- **PROVIDED DATA**
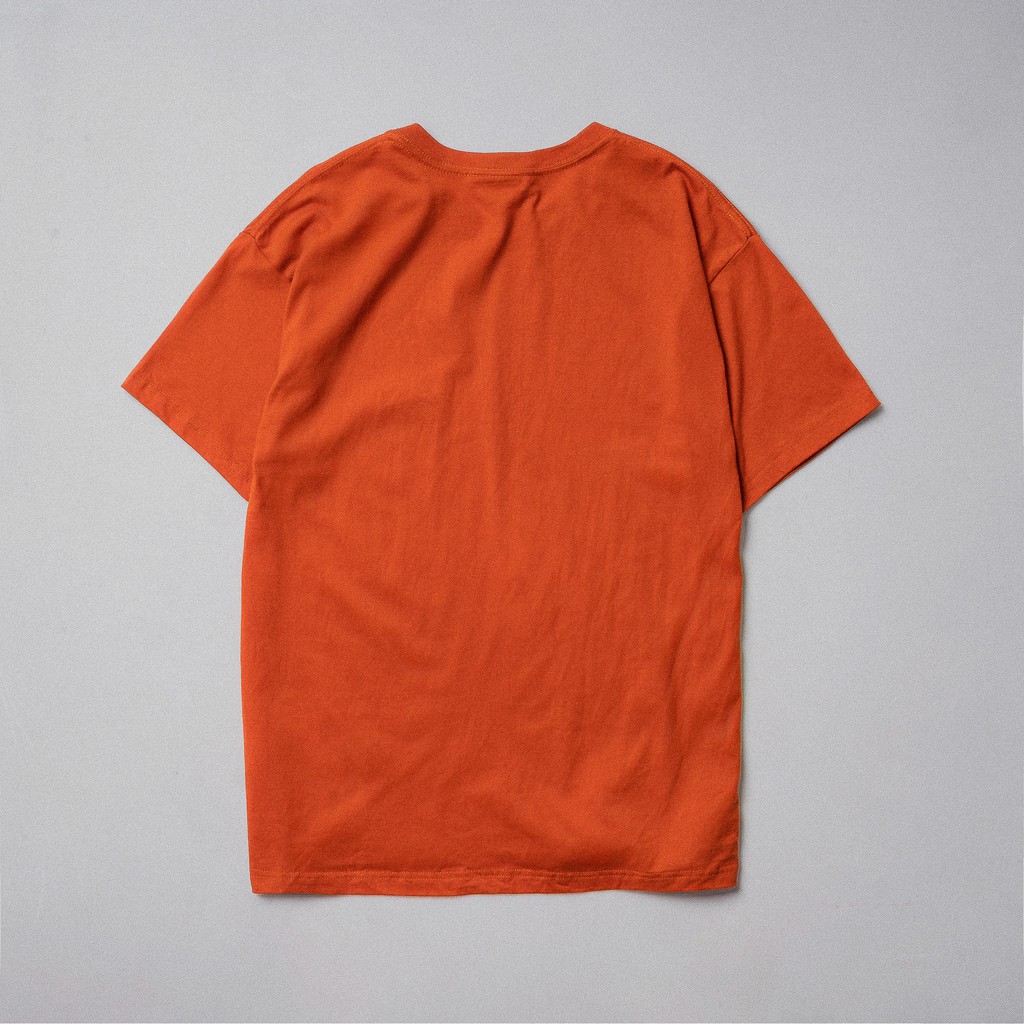 Áo Thun Gori Oldskull - Orange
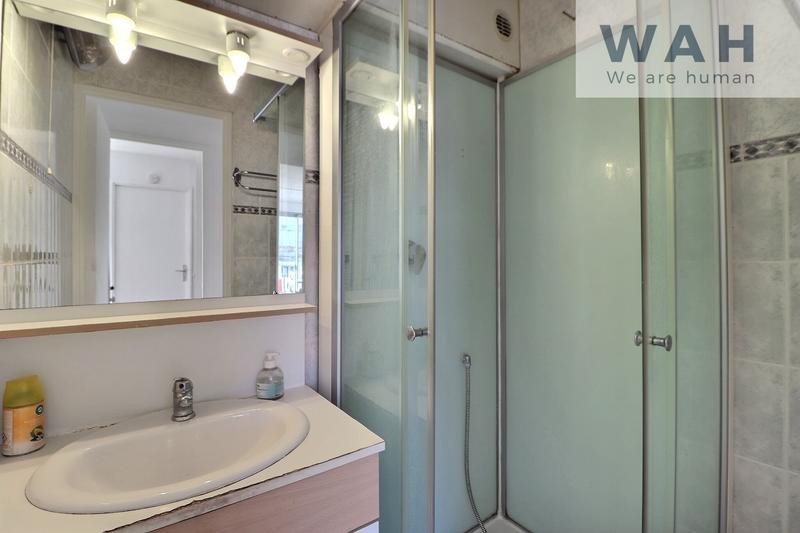 Appartement - 35 m² - 2 pièces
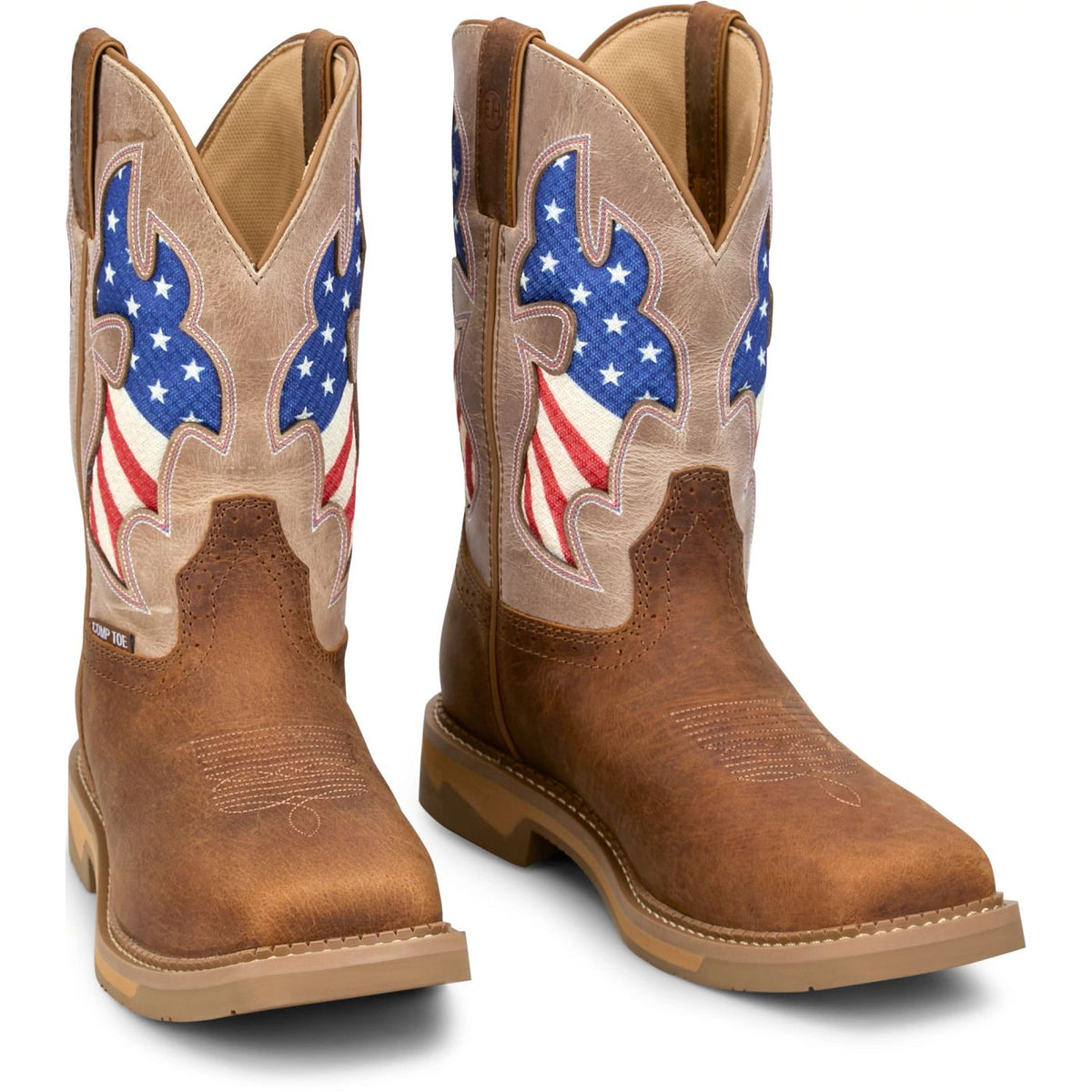 SE4137 | 11" Bolt Waterproof Composite Toe Work Boots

- **EXERCISE INSTRUCTIONS**
Exactly as written, give again every line from the one containing "Appartement - 35 m² - 2 pièces" through the last line of the material, both included, with the pictures left out.

- **EXERCISE ANSWER**
 Appartement - 35 m² - 2 pièces
 SE4137 | 11" Bolt Waterproof Composite Toe Work Boots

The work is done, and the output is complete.